* WHAT THE EXERCISE ASKS
Copy the lines below, please, starting with the one that contains "A C Compressor" and ending with the last. Pictures stay out.

* INPUT
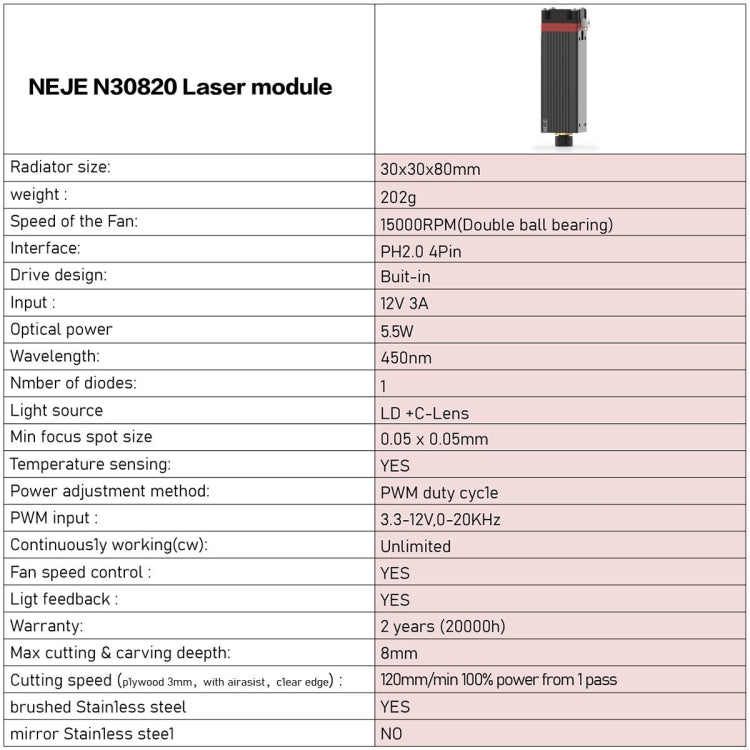 NEJE N30820 激光模組套件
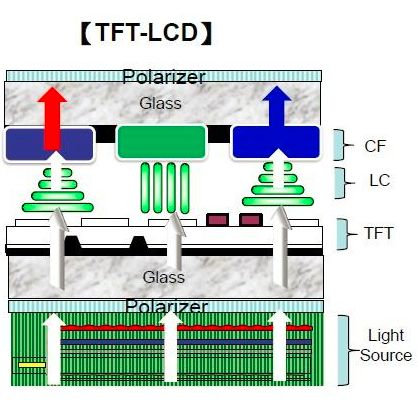 手机屏幕一摔就花了,副厂手机屏幕一摔就碎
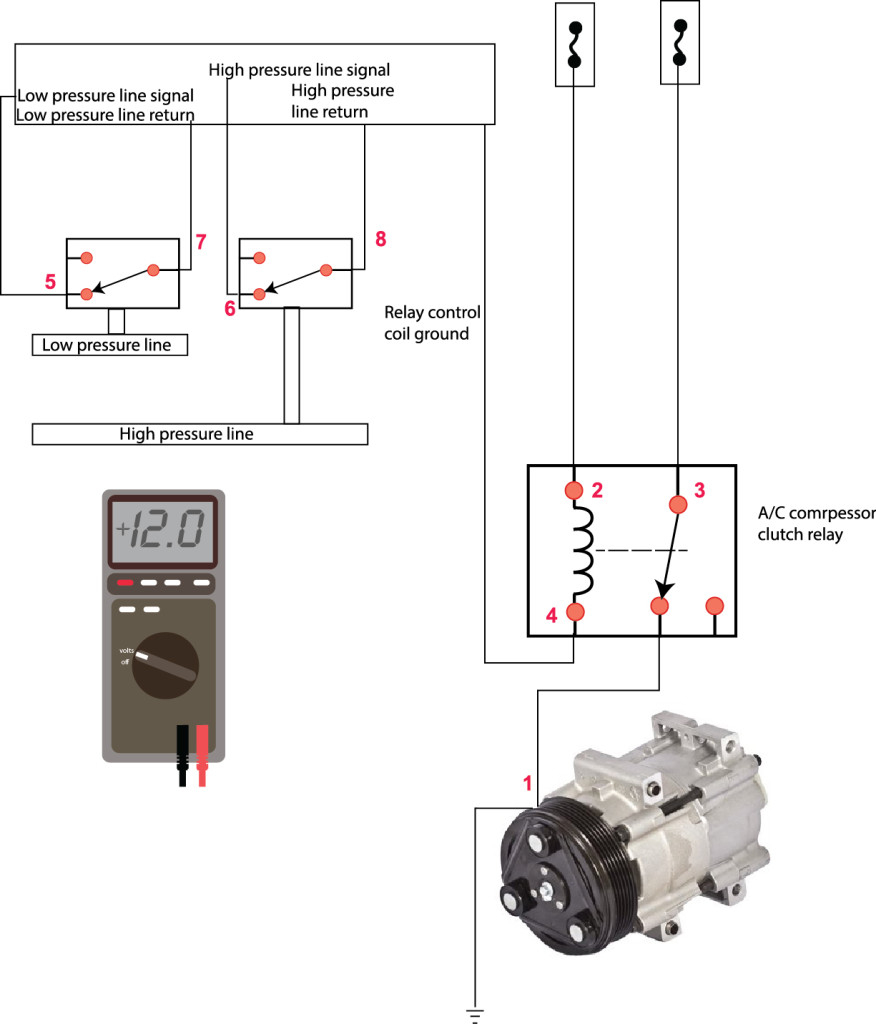 A C Compressor Wiring Diagram - Wiring Diagrams Hubs - Compressor Wiring Diagram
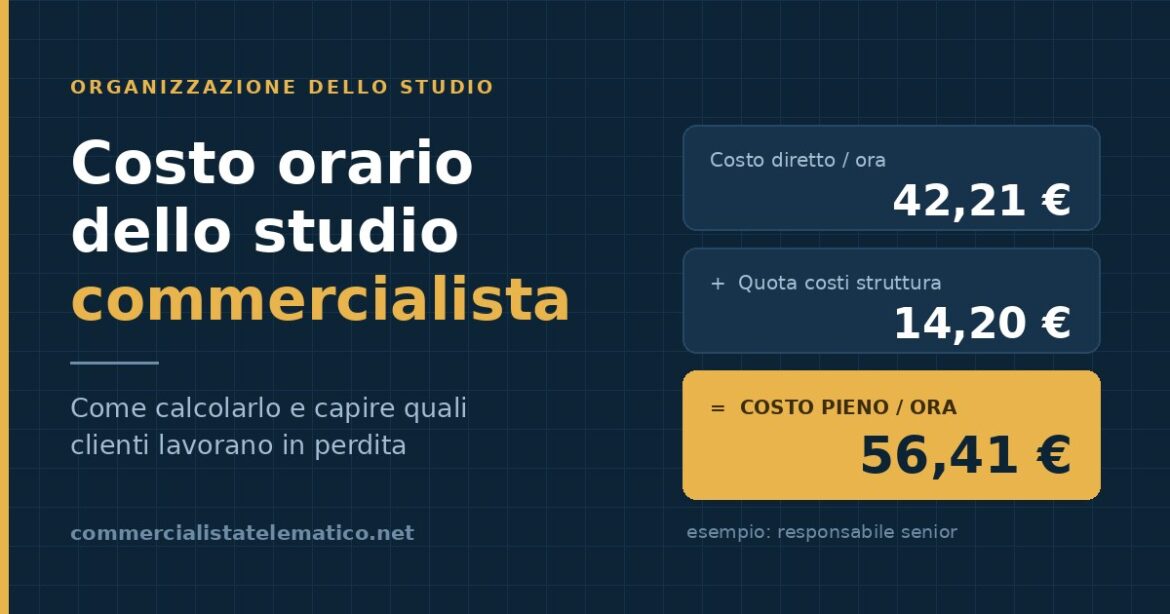 Costo orario studio commercialista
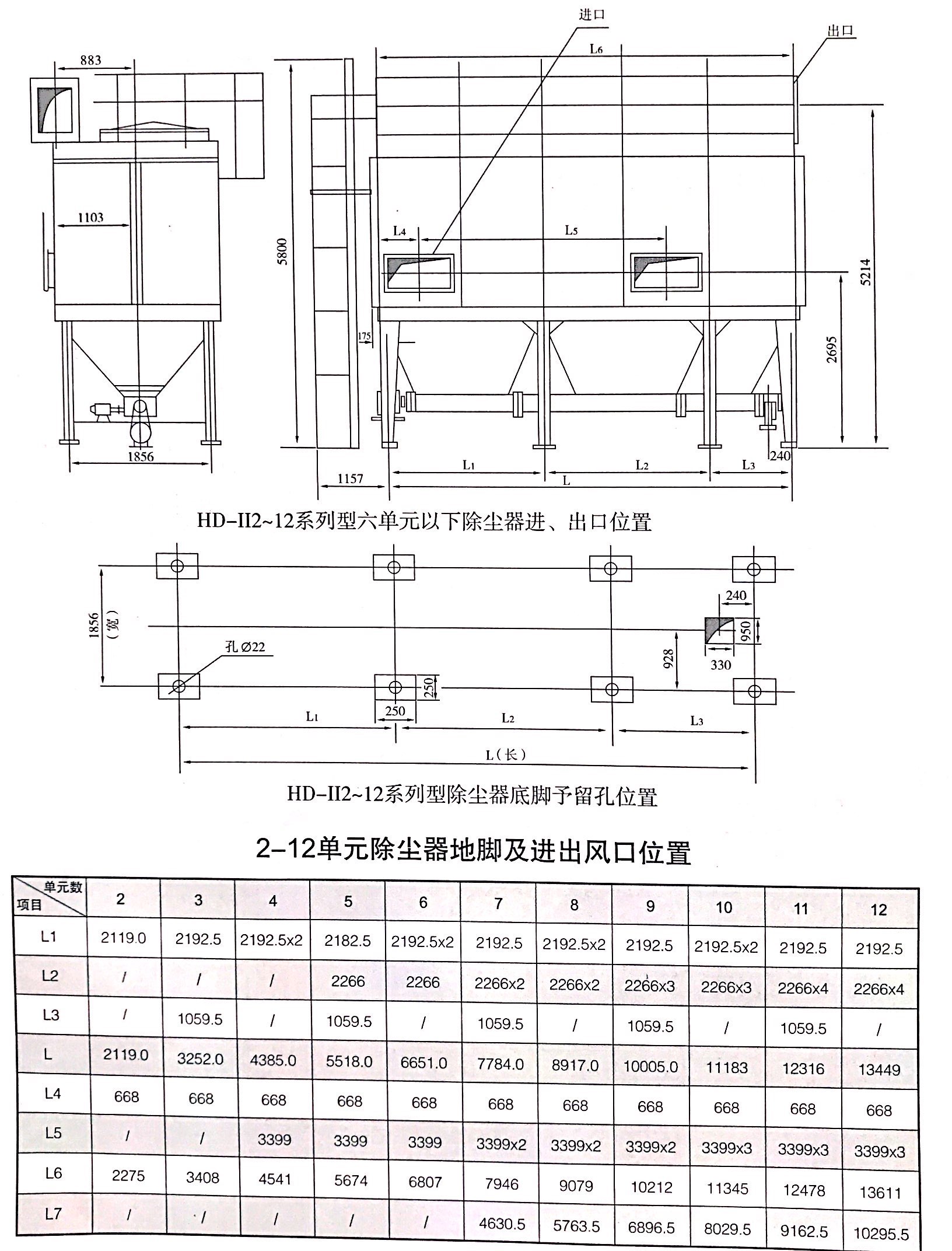 環(huán)隙噴吹脈沖袋式除塵器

* TASK OUTPUT
 A C Compressor Wiring Diagram - Wiring Diagrams Hubs - Compressor Wiring Diagram
 Costo orario studio commercialista
 環(huán)隙噴吹脈沖袋式除塵器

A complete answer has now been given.